> **Try it**
Repeat exactly the lines from the first line of the records through the line containing "Side view of", and nothing more.

> **Input**
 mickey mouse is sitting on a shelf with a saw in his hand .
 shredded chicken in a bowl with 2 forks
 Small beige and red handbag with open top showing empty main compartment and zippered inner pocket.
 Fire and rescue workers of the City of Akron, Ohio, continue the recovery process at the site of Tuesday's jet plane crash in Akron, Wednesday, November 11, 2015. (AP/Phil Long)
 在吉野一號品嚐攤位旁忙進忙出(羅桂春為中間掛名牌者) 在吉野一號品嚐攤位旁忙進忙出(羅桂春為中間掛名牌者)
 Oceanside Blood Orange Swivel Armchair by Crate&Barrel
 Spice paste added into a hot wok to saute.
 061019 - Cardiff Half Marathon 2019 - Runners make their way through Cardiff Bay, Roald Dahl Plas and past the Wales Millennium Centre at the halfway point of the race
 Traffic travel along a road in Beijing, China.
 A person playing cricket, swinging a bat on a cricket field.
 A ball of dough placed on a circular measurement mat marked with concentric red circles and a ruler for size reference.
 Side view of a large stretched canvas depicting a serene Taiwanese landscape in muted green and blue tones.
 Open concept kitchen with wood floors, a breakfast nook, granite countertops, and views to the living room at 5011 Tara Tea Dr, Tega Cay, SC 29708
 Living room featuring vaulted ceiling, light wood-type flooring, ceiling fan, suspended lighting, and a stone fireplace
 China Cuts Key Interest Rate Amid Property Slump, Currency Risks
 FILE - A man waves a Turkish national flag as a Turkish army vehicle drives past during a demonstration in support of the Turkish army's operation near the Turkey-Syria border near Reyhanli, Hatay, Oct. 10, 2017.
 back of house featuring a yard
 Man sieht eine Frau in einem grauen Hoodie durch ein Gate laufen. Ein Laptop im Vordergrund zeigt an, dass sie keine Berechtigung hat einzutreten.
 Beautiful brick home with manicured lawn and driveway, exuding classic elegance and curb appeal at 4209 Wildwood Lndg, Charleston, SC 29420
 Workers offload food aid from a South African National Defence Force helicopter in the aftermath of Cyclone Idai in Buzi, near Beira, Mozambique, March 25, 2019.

> **Exercise output**
 mickey mouse is sitting on a shelf with a saw in his hand .
 shredded chicken in a bowl with 2 forks
 Small beige and red handbag with open top showing empty main compartment and zippered inner pocket.
 Fire and rescue workers of the City of Akron, Ohio, continue the recovery process at the site of Tuesday's jet plane crash in Akron, Wednesday, November 11, 2015. (AP/Phil Long)
 在吉野一號品嚐攤位旁忙進忙出(羅桂春為中間掛名牌者) 在吉野一號品嚐攤位旁忙進忙出(羅桂春為中間掛名牌者)
 Oceanside Blood Orange Swivel Armchair by Crate&Barrel
 Spice paste added into a hot wok to saute.
 061019 - Cardiff Half Marathon 2019 - Runners make their way through Cardiff Bay, Roald Dahl Plas and past the Wales Millennium Centre at the halfway point of the race
 Traffic travel along a road in Beijing, China.
 A person playing cricket, swinging a bat on a cricket field.
 A ball of dough placed on a circular measurement mat marked with concentric red circles and a ruler for size reference.
 Side view of a large stretched canvas depicting a serene Taiwanese landscape in muted green and blue tones.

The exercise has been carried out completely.